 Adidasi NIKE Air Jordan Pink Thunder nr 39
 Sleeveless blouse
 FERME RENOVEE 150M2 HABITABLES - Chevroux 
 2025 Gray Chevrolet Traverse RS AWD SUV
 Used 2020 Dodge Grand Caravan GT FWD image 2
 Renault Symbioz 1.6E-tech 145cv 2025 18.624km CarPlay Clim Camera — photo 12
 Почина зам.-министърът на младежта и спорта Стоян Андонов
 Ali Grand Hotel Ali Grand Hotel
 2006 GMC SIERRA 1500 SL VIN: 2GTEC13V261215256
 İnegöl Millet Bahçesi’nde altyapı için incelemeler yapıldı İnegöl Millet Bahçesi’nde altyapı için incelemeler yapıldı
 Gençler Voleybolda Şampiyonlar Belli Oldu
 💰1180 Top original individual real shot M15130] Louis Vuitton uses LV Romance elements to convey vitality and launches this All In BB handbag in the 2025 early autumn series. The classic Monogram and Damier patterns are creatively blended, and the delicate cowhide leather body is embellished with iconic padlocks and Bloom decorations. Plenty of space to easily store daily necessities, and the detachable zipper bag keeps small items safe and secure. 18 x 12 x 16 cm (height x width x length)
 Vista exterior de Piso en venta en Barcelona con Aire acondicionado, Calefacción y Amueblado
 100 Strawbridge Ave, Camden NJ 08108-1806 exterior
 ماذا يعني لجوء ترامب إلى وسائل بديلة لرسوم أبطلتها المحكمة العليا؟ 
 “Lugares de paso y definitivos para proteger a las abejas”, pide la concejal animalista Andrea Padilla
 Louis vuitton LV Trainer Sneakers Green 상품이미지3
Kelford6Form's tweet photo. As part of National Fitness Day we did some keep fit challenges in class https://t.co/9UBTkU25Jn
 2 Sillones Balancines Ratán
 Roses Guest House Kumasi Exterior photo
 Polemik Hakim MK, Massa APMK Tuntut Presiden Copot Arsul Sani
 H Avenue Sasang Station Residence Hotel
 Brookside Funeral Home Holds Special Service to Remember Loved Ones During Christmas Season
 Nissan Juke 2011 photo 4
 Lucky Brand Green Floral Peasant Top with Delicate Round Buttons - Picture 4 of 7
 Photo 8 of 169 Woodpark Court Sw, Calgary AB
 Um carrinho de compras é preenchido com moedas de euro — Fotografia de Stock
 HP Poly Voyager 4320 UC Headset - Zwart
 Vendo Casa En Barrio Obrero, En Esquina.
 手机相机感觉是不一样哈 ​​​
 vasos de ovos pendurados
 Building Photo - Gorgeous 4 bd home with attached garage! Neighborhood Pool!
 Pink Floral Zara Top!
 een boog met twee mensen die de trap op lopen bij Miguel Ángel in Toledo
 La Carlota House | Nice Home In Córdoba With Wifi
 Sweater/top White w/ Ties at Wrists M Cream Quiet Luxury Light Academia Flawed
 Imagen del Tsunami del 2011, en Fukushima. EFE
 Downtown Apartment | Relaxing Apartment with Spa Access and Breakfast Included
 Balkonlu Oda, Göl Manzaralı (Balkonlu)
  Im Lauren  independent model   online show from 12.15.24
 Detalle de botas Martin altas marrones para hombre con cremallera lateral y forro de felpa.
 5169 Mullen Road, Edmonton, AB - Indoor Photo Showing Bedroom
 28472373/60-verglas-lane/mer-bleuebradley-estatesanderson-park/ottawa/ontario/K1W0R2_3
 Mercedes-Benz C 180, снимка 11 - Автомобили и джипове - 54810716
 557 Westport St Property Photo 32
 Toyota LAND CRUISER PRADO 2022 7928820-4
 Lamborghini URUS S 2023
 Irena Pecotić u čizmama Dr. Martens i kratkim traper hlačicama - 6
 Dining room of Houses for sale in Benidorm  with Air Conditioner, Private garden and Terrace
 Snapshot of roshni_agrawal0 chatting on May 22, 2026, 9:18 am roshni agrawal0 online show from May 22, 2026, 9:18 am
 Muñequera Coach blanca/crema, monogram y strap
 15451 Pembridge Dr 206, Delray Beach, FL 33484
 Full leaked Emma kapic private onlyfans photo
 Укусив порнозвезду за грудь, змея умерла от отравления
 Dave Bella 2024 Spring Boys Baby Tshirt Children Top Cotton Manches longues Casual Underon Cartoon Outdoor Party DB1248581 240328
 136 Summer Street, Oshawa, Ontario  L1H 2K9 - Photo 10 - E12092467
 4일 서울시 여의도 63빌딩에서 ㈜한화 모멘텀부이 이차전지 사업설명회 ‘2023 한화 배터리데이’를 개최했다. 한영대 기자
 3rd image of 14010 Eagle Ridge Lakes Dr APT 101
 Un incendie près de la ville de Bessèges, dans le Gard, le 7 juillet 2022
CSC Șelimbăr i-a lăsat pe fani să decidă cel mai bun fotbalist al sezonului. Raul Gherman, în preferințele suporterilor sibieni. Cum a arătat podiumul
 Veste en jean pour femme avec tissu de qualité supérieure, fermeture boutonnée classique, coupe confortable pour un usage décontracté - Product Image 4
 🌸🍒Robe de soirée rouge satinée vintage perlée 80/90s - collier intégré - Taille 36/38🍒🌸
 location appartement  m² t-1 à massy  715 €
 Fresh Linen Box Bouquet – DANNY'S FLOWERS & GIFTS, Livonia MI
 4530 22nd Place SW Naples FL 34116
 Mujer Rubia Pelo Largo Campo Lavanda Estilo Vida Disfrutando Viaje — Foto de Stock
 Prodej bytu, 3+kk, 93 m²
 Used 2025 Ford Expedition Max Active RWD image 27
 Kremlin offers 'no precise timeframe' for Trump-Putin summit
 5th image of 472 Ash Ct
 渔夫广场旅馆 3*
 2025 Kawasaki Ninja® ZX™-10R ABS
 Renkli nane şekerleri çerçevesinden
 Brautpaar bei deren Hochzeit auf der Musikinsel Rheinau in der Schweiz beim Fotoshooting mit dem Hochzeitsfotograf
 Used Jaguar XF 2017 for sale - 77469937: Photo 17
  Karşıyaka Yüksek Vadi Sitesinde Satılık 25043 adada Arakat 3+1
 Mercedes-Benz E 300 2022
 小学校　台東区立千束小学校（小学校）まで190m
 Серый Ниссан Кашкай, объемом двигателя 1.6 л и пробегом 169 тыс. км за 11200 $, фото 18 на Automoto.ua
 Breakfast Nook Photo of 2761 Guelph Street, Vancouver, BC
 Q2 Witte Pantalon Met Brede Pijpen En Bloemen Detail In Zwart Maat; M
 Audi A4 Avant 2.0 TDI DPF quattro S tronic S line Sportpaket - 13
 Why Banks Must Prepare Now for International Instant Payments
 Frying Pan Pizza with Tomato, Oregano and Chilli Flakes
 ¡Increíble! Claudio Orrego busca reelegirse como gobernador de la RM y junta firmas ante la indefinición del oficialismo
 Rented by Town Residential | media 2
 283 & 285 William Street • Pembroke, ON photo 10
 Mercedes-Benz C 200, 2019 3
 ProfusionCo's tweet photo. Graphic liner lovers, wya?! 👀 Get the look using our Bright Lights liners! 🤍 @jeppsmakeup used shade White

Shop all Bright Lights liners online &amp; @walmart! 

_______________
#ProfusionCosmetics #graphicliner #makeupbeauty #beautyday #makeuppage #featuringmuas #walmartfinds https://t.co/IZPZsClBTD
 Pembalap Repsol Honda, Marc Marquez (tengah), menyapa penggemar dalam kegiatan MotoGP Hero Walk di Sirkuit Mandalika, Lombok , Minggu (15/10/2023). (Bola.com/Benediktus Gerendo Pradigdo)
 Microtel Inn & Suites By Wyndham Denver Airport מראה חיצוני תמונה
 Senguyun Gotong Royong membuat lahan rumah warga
:::
### What the task requires
Using the records above, give the count of lines with the word "Zwart", and write nothing more.

### Exercise result
2